This week’s readings all deal in some dimension with the relationship between the academy and the public. In short, all of them advocate for a new (or a return to, depending) collaboration between the work done in universities and colleges and issues relevant to communities in which these schools are located.
John Seely Brown, Ann Pendleton-Jullian, and Richard Adler, “From Engagment to Ecotone”: this piece studies the place of the 21st century land grant university, specifically looking at North Carolina. The authors argue that a partnership between the academy and local businesses—a partnership in which they actually share space—leads to innovation and collaboration and moves the university back in line with the original charter of a land grant school.

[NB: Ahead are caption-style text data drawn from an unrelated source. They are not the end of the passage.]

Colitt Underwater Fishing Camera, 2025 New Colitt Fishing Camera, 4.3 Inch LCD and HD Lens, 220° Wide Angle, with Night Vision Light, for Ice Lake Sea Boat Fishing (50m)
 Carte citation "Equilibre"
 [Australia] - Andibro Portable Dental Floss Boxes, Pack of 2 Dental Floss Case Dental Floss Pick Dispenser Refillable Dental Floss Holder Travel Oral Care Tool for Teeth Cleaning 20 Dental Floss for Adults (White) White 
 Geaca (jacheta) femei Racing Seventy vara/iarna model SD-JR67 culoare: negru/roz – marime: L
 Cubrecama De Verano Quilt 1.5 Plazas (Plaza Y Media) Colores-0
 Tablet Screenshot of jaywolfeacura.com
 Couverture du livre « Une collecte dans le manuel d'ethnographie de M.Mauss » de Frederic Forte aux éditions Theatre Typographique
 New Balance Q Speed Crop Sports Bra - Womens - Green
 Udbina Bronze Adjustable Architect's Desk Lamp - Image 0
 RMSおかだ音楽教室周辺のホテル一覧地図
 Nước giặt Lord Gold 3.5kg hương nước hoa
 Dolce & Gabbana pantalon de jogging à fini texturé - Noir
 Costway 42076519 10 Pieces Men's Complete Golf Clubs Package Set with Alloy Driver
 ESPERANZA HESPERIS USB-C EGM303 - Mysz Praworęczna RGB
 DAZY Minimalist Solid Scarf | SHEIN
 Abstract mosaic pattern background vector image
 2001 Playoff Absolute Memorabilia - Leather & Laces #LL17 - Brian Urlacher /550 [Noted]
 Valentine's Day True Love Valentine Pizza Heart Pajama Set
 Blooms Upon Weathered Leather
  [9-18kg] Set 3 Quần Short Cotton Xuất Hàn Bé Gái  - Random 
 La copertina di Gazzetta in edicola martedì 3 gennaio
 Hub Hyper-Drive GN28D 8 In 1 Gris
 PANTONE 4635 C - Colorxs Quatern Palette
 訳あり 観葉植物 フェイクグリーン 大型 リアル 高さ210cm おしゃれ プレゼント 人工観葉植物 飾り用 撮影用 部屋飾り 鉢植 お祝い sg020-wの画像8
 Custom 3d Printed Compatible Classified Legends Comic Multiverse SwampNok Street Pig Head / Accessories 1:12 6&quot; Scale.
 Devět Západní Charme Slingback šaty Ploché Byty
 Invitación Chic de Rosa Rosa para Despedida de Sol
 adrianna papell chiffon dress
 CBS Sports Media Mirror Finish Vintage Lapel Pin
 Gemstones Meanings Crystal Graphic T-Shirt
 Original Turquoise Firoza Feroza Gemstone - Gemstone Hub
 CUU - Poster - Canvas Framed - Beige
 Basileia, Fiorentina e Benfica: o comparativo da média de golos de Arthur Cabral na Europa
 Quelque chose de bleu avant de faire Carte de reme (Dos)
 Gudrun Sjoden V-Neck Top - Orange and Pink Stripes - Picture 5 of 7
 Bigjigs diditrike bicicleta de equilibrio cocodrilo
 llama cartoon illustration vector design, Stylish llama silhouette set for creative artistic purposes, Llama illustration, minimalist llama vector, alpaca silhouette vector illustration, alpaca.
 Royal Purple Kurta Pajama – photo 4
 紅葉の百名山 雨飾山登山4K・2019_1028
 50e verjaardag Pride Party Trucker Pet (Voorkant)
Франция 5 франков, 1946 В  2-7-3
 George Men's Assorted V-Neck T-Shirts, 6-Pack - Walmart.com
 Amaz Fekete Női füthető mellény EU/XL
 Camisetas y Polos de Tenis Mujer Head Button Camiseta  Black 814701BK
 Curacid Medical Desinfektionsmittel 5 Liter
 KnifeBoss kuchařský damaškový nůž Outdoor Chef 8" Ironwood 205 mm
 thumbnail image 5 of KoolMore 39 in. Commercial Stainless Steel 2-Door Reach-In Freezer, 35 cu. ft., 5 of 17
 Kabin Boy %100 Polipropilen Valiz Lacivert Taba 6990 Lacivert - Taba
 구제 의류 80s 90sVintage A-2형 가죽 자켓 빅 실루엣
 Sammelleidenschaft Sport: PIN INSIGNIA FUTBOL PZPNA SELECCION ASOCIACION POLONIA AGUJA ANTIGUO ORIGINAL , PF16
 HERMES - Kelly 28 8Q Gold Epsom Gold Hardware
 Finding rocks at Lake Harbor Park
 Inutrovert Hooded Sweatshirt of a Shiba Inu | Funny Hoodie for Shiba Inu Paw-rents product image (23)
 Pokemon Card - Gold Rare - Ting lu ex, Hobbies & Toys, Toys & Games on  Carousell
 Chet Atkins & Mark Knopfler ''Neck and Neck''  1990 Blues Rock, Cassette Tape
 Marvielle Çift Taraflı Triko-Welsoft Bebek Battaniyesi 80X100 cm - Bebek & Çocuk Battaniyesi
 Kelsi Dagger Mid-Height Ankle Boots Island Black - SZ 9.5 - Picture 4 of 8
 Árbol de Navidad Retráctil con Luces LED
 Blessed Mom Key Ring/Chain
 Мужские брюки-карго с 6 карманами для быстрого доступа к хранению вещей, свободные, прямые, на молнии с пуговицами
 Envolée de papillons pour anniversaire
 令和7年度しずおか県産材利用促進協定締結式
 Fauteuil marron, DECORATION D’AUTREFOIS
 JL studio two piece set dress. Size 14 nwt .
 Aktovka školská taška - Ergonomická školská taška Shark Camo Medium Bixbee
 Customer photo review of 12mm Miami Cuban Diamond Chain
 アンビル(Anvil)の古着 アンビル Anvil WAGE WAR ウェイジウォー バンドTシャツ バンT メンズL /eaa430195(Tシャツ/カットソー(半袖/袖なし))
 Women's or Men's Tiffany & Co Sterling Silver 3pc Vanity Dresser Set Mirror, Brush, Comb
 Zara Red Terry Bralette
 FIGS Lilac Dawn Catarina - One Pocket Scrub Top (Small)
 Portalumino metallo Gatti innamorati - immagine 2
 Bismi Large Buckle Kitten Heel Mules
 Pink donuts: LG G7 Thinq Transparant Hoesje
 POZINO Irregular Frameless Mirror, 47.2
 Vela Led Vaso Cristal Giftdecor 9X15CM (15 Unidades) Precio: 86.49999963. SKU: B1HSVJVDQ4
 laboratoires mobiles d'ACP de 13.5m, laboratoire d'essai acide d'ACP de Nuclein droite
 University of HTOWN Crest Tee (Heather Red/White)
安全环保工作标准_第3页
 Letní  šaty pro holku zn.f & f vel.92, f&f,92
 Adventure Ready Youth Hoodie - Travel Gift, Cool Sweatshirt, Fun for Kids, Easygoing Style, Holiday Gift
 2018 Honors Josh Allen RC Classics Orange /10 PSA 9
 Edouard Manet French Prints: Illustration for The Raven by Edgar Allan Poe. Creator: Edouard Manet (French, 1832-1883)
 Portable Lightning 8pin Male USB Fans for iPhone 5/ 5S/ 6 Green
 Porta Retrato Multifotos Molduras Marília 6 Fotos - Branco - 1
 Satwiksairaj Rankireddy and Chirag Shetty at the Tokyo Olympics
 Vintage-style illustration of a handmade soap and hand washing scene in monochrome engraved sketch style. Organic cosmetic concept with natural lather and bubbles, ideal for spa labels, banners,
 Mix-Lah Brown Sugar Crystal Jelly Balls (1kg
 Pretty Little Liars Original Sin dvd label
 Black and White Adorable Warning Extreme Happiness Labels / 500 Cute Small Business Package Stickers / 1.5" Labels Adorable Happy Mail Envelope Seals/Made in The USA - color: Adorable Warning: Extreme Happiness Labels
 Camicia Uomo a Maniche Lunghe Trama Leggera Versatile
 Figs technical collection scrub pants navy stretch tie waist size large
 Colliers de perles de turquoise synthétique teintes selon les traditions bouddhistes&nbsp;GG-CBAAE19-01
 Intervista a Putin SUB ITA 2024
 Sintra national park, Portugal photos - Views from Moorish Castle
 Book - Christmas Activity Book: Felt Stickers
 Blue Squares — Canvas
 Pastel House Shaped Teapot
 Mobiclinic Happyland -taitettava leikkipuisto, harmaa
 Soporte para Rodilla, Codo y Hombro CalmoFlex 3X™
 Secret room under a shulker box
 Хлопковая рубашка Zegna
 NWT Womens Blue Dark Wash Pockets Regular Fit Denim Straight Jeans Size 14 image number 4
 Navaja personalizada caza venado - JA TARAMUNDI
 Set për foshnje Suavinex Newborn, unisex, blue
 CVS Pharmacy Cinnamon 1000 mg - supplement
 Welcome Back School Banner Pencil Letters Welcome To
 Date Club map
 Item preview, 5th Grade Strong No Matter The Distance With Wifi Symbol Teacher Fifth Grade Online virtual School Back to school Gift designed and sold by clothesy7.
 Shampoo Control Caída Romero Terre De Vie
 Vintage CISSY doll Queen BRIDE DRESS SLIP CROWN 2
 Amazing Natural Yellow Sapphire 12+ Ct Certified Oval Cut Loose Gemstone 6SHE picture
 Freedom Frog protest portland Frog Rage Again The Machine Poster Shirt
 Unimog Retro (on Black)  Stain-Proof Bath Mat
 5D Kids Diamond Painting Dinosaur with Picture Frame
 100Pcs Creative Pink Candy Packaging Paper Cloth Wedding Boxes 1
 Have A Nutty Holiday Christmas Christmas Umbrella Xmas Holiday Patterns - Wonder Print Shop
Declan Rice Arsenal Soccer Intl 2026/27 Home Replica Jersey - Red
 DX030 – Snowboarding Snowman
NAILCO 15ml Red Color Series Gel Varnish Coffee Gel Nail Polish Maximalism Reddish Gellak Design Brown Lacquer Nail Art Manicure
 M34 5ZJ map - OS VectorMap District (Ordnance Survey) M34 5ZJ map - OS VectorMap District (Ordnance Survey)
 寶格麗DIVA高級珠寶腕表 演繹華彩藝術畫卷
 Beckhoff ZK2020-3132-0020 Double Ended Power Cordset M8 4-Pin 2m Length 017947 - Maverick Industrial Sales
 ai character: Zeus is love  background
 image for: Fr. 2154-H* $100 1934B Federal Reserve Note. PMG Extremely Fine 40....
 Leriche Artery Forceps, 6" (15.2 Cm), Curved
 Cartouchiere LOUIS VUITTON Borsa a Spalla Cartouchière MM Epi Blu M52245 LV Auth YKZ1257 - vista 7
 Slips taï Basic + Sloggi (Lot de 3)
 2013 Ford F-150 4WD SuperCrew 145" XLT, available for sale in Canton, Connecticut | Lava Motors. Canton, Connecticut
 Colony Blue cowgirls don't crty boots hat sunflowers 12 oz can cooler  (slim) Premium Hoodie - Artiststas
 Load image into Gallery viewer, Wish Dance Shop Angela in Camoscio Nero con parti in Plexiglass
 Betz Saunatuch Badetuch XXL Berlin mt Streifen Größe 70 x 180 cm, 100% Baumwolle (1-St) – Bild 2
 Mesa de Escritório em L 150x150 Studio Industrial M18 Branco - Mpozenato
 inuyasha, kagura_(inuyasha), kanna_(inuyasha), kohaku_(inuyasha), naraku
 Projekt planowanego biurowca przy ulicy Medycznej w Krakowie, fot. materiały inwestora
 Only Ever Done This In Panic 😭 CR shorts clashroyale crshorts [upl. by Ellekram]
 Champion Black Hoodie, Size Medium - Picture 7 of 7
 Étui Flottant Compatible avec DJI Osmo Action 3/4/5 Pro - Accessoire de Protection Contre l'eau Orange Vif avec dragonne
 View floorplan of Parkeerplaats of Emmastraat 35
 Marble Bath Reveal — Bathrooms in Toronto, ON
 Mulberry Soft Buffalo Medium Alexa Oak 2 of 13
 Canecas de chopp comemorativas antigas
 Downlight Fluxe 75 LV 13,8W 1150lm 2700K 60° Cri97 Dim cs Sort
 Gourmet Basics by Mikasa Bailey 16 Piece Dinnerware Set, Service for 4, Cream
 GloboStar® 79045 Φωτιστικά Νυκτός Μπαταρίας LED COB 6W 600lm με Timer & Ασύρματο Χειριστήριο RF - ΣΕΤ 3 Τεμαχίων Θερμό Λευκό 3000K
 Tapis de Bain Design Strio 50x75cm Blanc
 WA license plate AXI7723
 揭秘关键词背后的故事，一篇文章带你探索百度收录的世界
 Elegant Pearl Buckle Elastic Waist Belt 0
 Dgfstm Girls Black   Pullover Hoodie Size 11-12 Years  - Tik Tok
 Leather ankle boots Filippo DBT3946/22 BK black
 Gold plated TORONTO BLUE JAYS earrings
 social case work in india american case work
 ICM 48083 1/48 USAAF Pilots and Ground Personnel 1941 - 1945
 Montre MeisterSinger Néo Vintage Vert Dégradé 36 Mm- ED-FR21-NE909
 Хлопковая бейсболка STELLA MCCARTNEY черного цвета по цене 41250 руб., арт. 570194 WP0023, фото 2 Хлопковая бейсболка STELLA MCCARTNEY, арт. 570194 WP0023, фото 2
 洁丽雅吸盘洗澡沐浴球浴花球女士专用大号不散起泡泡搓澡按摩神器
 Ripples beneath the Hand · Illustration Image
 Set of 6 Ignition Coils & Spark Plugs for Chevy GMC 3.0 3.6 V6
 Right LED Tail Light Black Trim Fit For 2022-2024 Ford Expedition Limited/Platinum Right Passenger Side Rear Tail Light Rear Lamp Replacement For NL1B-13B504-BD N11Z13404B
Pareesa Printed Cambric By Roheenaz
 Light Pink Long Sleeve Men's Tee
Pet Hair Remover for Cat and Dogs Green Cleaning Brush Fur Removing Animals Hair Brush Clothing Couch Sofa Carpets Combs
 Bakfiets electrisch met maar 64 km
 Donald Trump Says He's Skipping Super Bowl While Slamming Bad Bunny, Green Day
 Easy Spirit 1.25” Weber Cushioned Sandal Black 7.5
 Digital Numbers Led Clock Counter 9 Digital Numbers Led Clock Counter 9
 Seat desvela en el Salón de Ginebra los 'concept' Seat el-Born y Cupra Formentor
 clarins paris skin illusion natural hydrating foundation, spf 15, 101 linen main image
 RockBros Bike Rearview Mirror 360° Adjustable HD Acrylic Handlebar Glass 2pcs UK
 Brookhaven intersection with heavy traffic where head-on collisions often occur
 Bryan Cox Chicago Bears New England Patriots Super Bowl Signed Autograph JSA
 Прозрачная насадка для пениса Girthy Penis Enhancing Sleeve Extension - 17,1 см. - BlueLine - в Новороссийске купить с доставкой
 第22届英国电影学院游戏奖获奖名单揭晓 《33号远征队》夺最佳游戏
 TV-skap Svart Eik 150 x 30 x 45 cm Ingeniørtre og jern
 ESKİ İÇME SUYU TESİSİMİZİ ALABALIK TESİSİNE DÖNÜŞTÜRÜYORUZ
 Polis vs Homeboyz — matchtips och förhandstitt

Jeremy Cohen, “A Laboratory for Public Scholarship and Democracy”: as an introduction to a special issue of New Directions for Teaching and Learning, this article sets up the arguments for connecting public work with scholarship that appear in later articles. Specifically, Cohen argues that there is a difference between public scholarship and service, and he concludes that there is a constitutional mandate for education, and education of a certain kind.
Rosa A. Eberly, “Rhetorics of Public Scholarship”: Building on the arguments of Habermas and Arendt, Eberly’s article argues that the university needs “a curriculum of consequence that connects learning to the common problems of shared democracy.”
Lakshman Yapa, “Public Scholarship in the Postmodern University”: This article uses postmodern theory in its epistemological sense to argue against metanarratives. Further, Yapa believes that structural ways of understanding the world create some of the problems that they would combat, even as they rob individuals of agency.
Joshua Gunn & John Louis Lucaites, “The Contest of Faculties: On Discerning the Politics of Social Engagement in the Academy”: These two communications professors explore the perceived divide between the civil, the political, and the public. As other authors in this week’s readings, they argue the benefits of doing public scholarship, yet they also trace the shortcomings of the academy in counting such public work as legitimate scholarship. They argue that such engaged scholarship is unavoidably political, and they invite more discussion on ways of quantifying engaged scholarship.
Questions for discussion:
On some level, all of these articles (with the possible exception of the “Ecotone” one) argue that one of the main goals of the academy should be to shore up democracy. True?
If so, what kind of democracy should the university be strengthening? (i.e. A popular democracy? A Constitutional democracy? Local, direct democracy?)
One of the topics that many of our discussions have danced around is interdisciplinarity. Jacoby’s idea of a public intellectual seems to necessitate a blending of disciplines; Fish’s article is more skeptical of such work. Several of the articles for this week (particularly Cohen) view interdisciplinarity positively. Should we?
I’m interested in reading these articles against Flemming’s argument that there is something gained by having the classroom as a space carved out from a larger public. How do Flemming’s thoughts change how we read these pieces?
The Centennial Campus at North Carolina is an interesting case study. How do we feel about such blending of the university with business? How benefits? Is something lost in such collaboration?
Most of the scholars we read this week cite Dewey, who is basing his theories of American pragmatism (and education more broadly) partially on Enlightenment models of thought. If we are building a university for the 21st century, does it make sense to use 18th century philosophy as a guide? What might be left off the table with such an approach?